INCLUSION CRITHERIA were: (1) Age (18-70), (2) All gender, (3) No psychiatric illness under surveillance or treatment, (4) No previous proctological treatment, (5) No IBD, (6) No affiliation to other nutritional programme.
Theoretical elaboration of prototypes representative of IBS patients was developed through an interdisciplinary Focus Group (25, 26) involving:
• n.1 Proctology specialist;
• n.1 Clinical Psychologist specialist;
• n.2 Nutritionists;
• n.2 Experts in Digital Health;
• n.1 Expert in Healthcare organization.
Based on the IBS Personas, the Focus Group also mapped the pathway for the management of an IBS patient and implemented desk research on mHealth solutions addressing IBS personas unmet needs. The Focus Group divided the management of IBS into events (activities, interventions, or staff interactions), and analyzed mHealth solutions.
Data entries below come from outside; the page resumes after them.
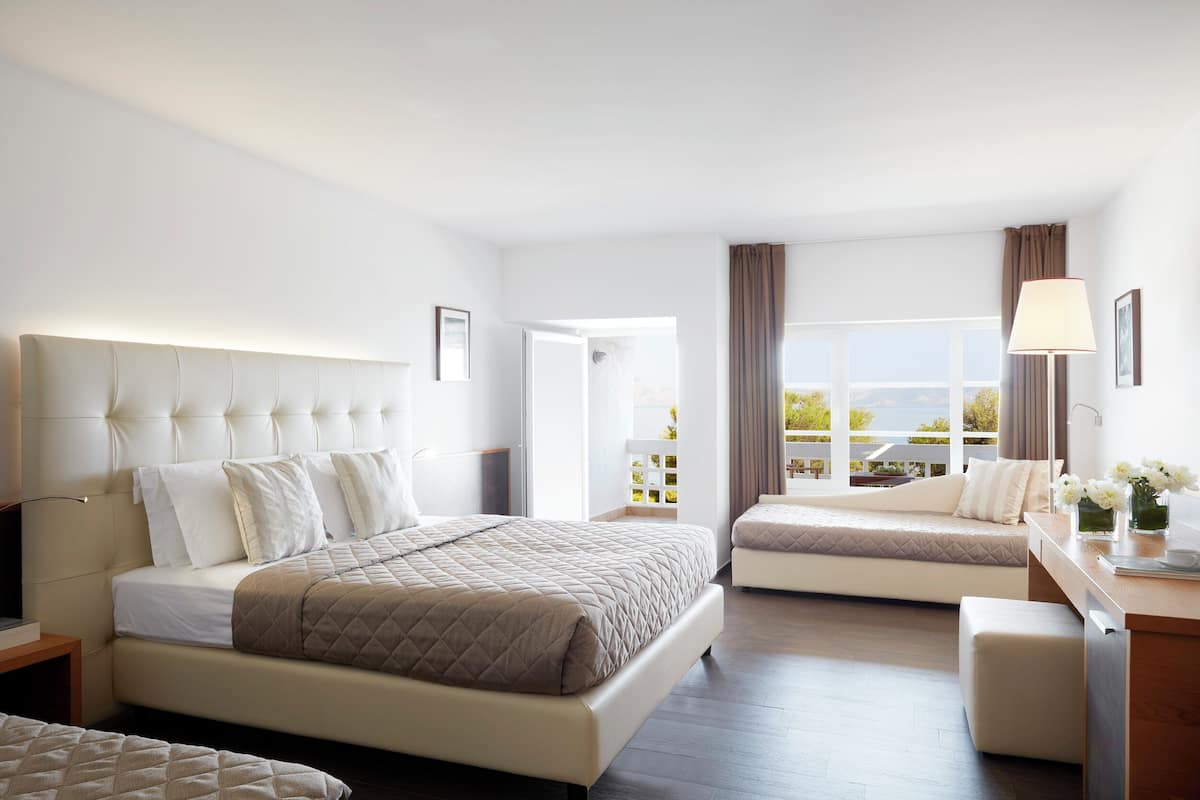 1 bedroom, minibar, in-room safe, individually decorated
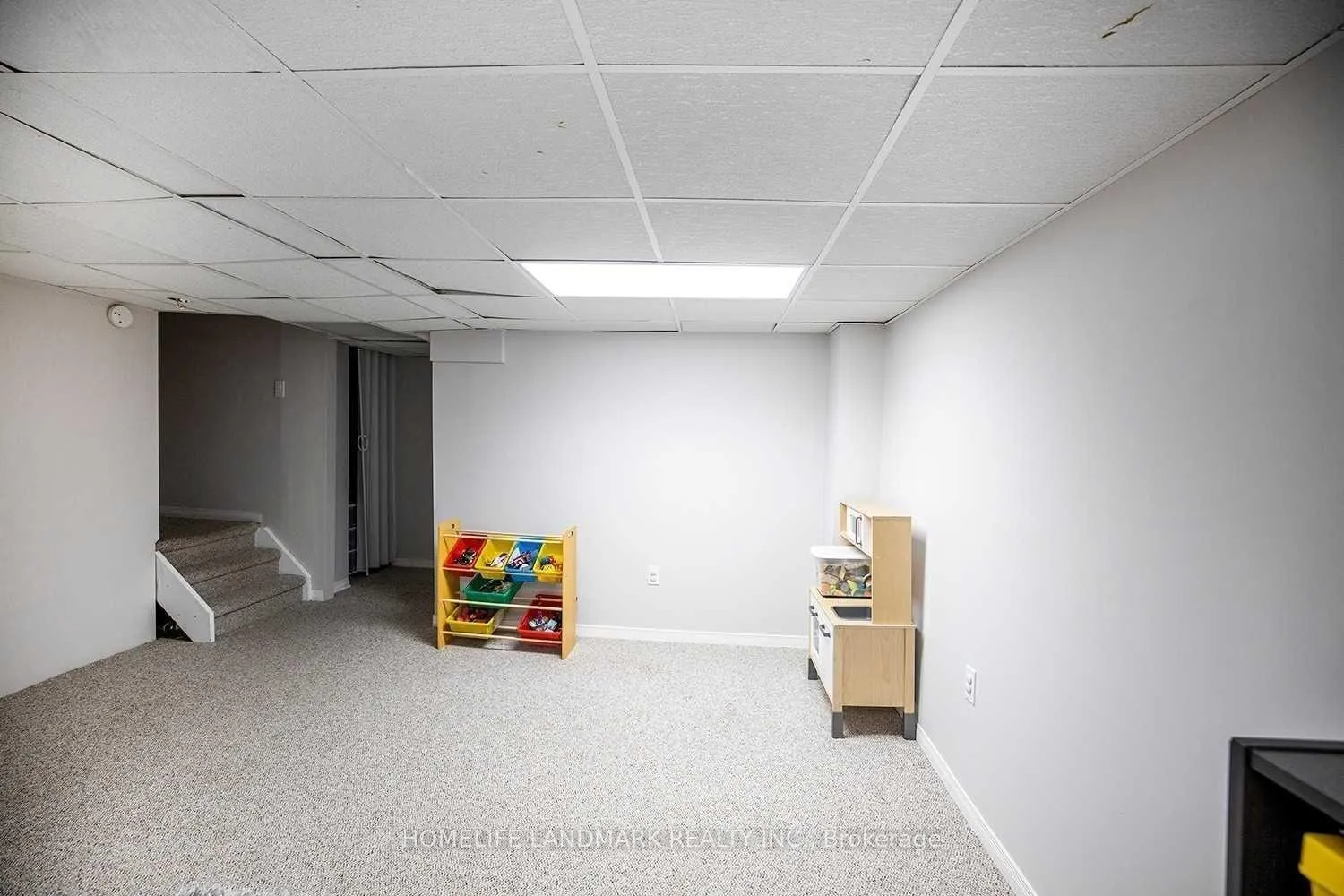 Photo 19 of 26 Cornish Drive, Clarington, Courtice — HOMEH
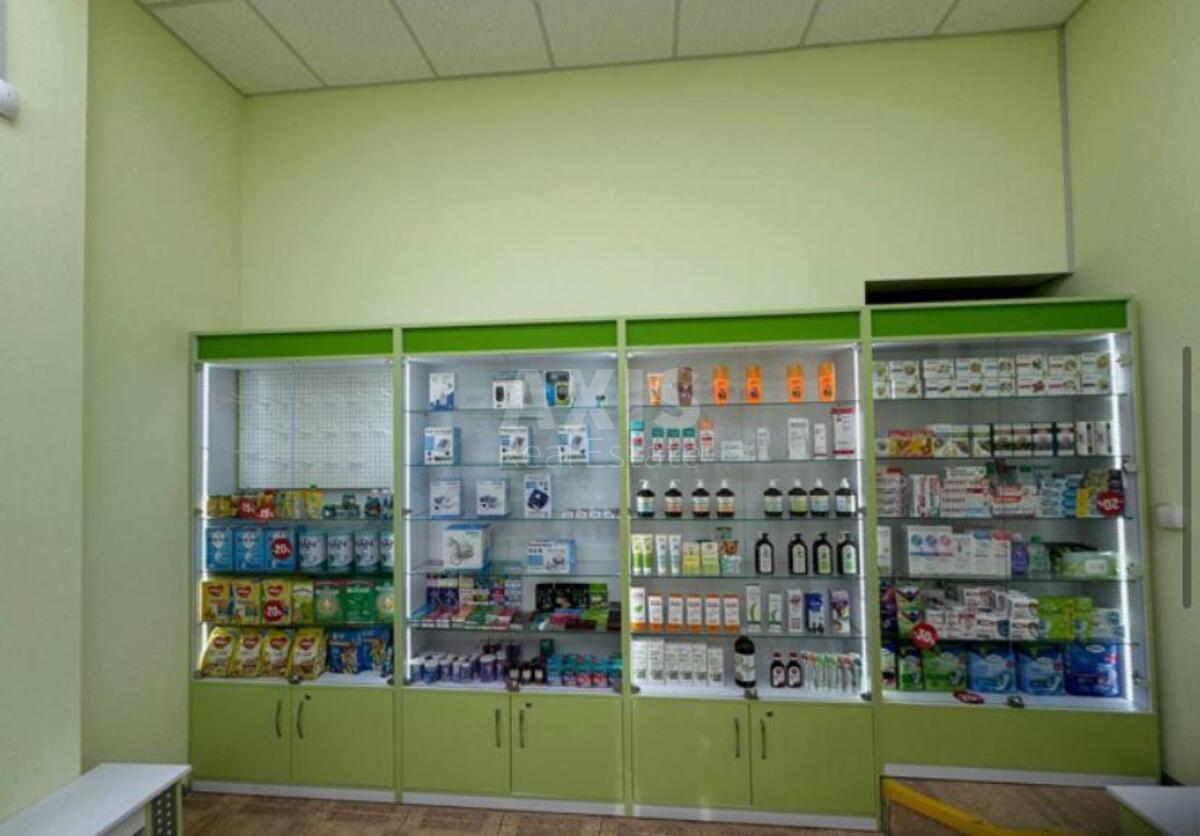 Trade object bul. Druzhby Narodiv 18/7, 82m21
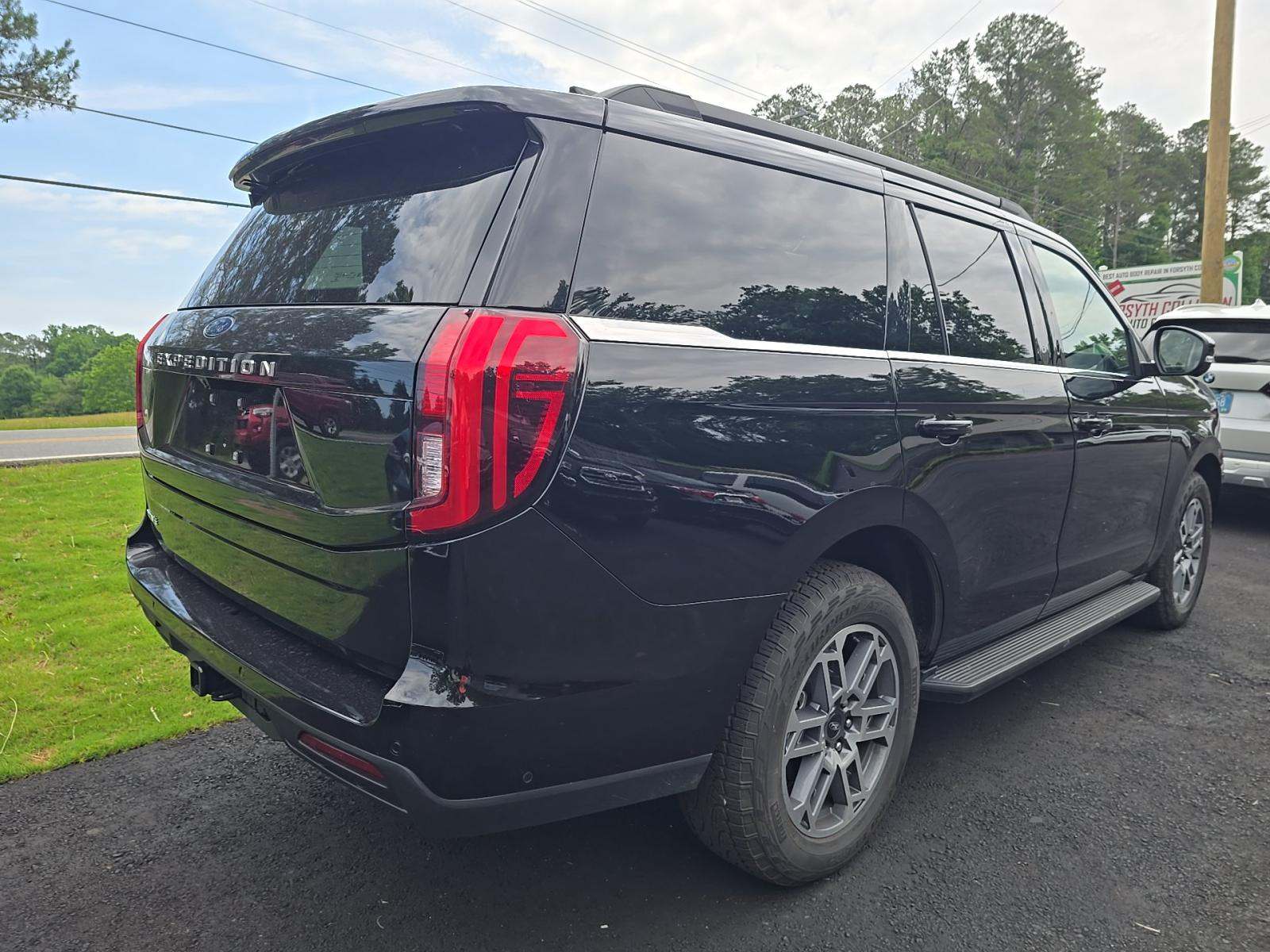 FORD EXPEDITION - 3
These events (outpatient visits and lifestyle modification) were interpreted as a new patient care process (Figure 1).
Results
IBS patients
The Blueprint Survey was administered to a group of 50 patients diagnosed with IBS. The group included 22 males and 28 females, with a mean age of 41.33 (range 18–70). 34 of these (15M, 19F) were active workers, 6 were retired (5M, 1F), 5 unemployed and 5 were household. Diagnosed according to Rome IV criteria, 27 patients suffering IBS with predominant constipation (12M, 15F), 12 with predominant diarrhea (2M, 10F), 11 patients had mixed bowel habits (2M, 9F). A group of 12 patients showed a positive test for lactose intolerance and were excluded from the study. All patients were treated with a change of the diet increasing the amount of fibers and fluids intake. All patients were advised to exercise regularly. In 12 out 50 a FODMAP diet was administered and in 38 a high fiber rate diet was prescribed with medical therapy for constipation (macrogol, psyllium) or diarrhea (loperamide, anticholinergic). In three cases antidepressant (SSRI) were associated. 13 patients (10M, 3F) complained for more complex associated symptoms and they needed surgery. 8 complete or single node hemorrhoidectomy and 5 lateral internal sphincterotomy were performed (Figure 1).
IBS personas
Based on the characteristics of the population of 50 patients included in the study, the Focus Group developed 5 Personas, following the Blueprint methodology (Figure 2).
To identify Digital Health models that had an intervention strategy for IBS treatment and management, a persona, Antonio, has been developed who somewhat embodies all the recurring issues and needs in these patients. Age, general information, personal and life, hobbies, working condition, health concerns, and health needs have been taking in consideration to design a global picture. More in details, Antonio is a 40 years-old man with an active life. When adolescent he underwent surgery for a bowel occlusion due to a lipoma, with a bowel resection. He is generally well, but anxious about his health condition, and quite often comes back for controls due to fear of a colon cancer. He currently suffers from IBS and haemorrhoids, for which he undergoes local treatments. Three main needs were identified to be met to improve Antonio's lifestyle: access to psychological support, need to use one or more mHealth solutions supporting diet and adapted physical activity, and home-based digital health support to manage IBS (Figure 3).
mHealth interventions
Mobile apps for the treatment of IBS may support psychoeducation on the etiology of IBS and the effectiveness of Cognitive Behavioral Therapy (CBT) in treatment. These mobile apps train the patients on various CBT strategies to mitigate the impact of IBS in daily life, including relaxation training, cognitive restructuring and catastrophizing, exposure exercises to reduce avoidance, and behavioral experiments (27).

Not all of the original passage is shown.